Research Data Management and Open Research Data Services and Infrastructure
Coming up soon: Central Info Point
Over the next few months, this page will be transformed into a Central Info Point for Research Data Management for researchers in the entire ETH Domain. In first instance the Central Info Point will guide the researchers to available ORD-related solutions available across the institutions of the ETH Domain.
Status of implementation
As preliminary work, the Expert Group Services and Infrastructure has conducted an inventory of services and infrastructures that support ORD practices of researchers in the ETH Domain. The inventory was made along the data life cycle (see below).

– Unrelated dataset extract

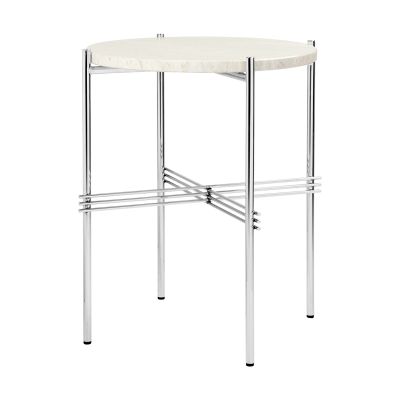 GUBI TS sivupöytä kiillotettu teräs Ø 40 Neutral white travertine | Alk. 799,00 €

This shows which services and infrastructures are required to answer specific questions that arise at different points in the research data management process.
Access the report here.
The Central Info Point project is being carried out as part of Measure 2 “Improve the ecosystem of research data management (RDM) services and infrastructure that support ORD practices” and is coordinated by the EPFL Library. Within measure 2, a common storage access API is also being developed for the ETH Domain, as well as improved integration of research data repositories, electronic laboratory notebooks and data analysis platforms.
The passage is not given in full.